The problem:
Return the listing verbatim, images left out.

Provided data:

'''

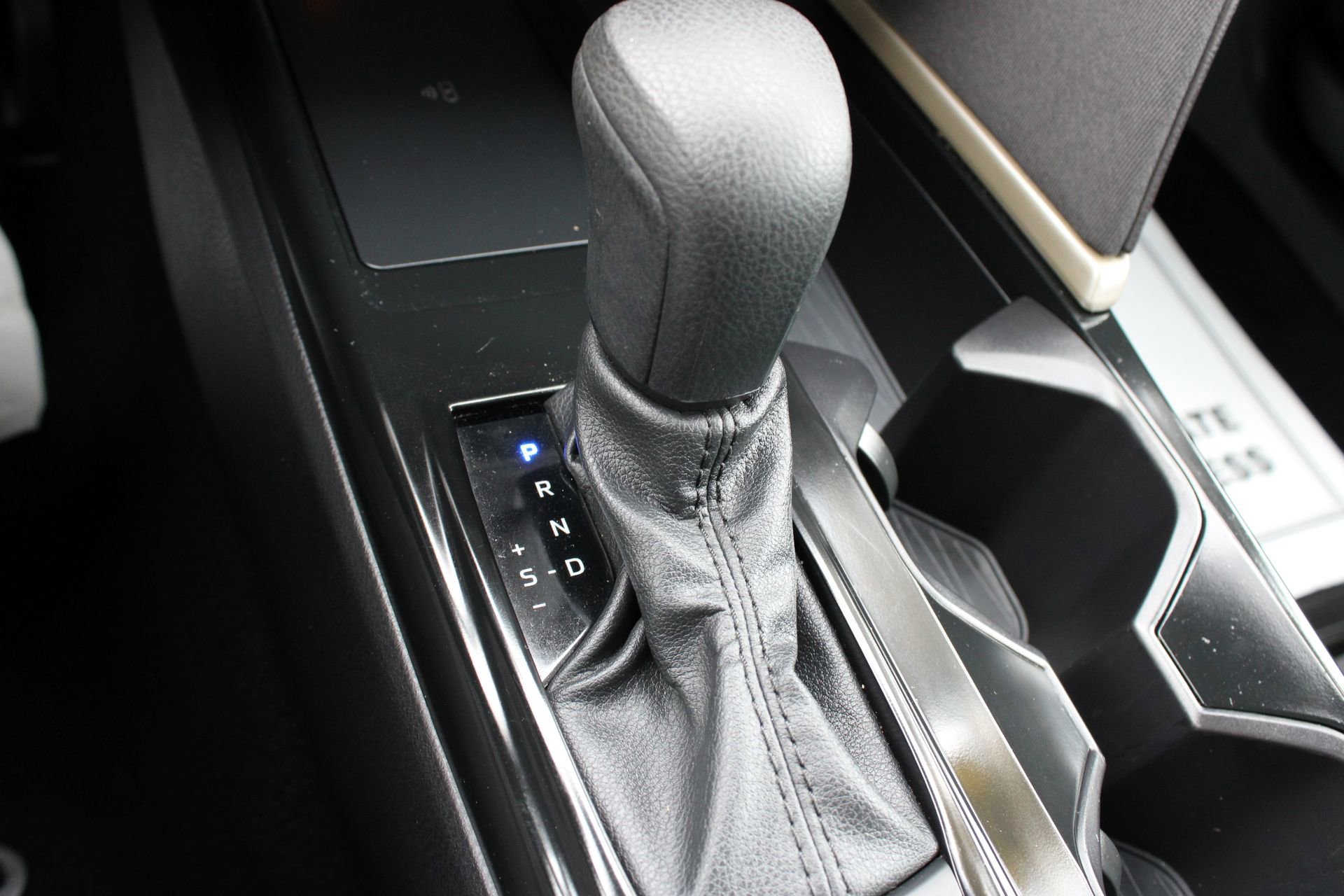 Used 2025 Toyota Camry LE image 37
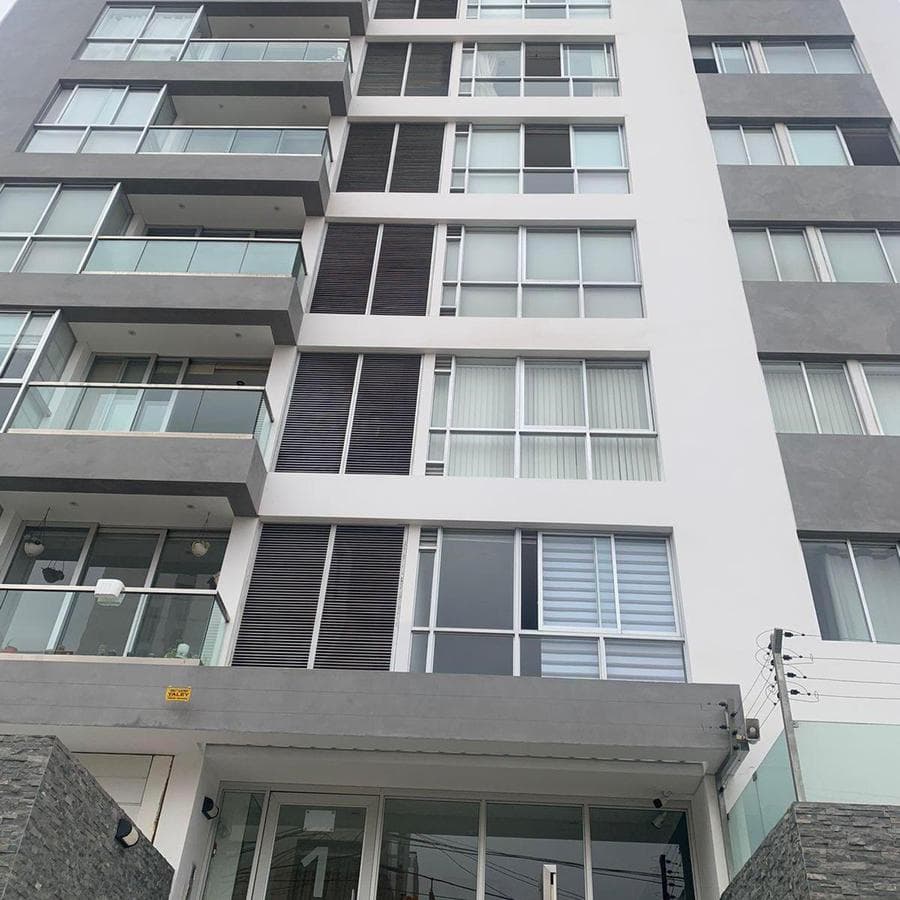 VENDO DEPARTAMENTO TRIPLEX VISTA FRENTE AL MAR - 1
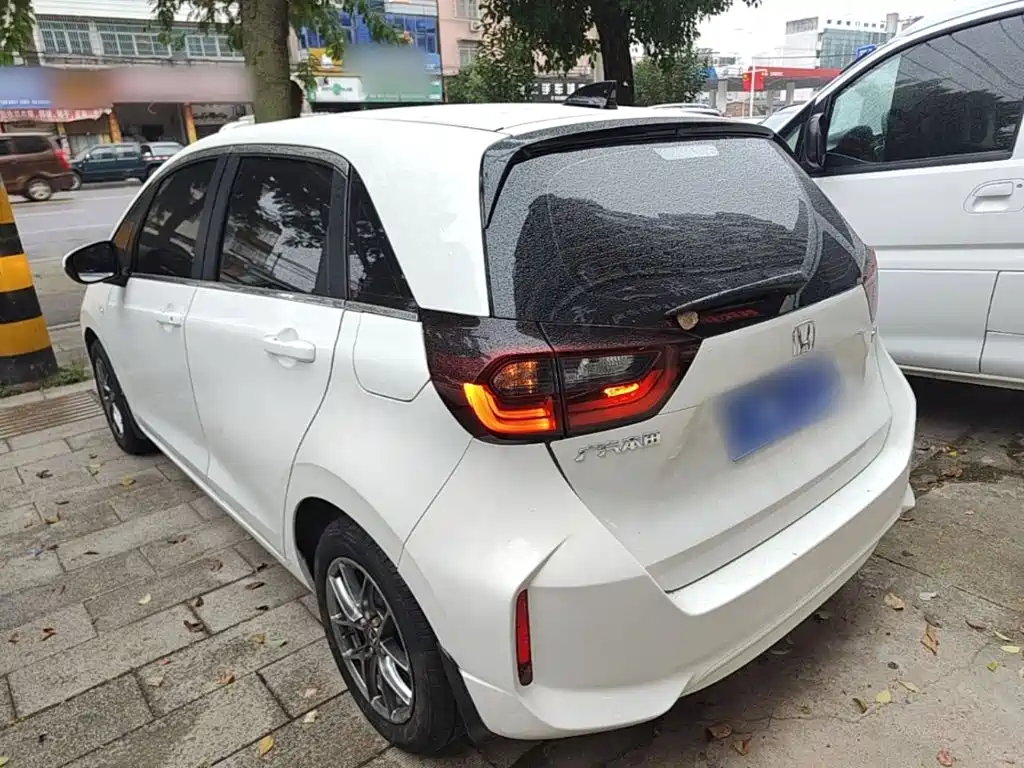 Honda Fit — фото 5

'''

Response to this task:
 Used 2025 Toyota Camry LE image 37
 VENDO DEPARTAMENTO TRIPLEX VISTA FRENTE AL MAR - 1
 Honda Fit — фото 5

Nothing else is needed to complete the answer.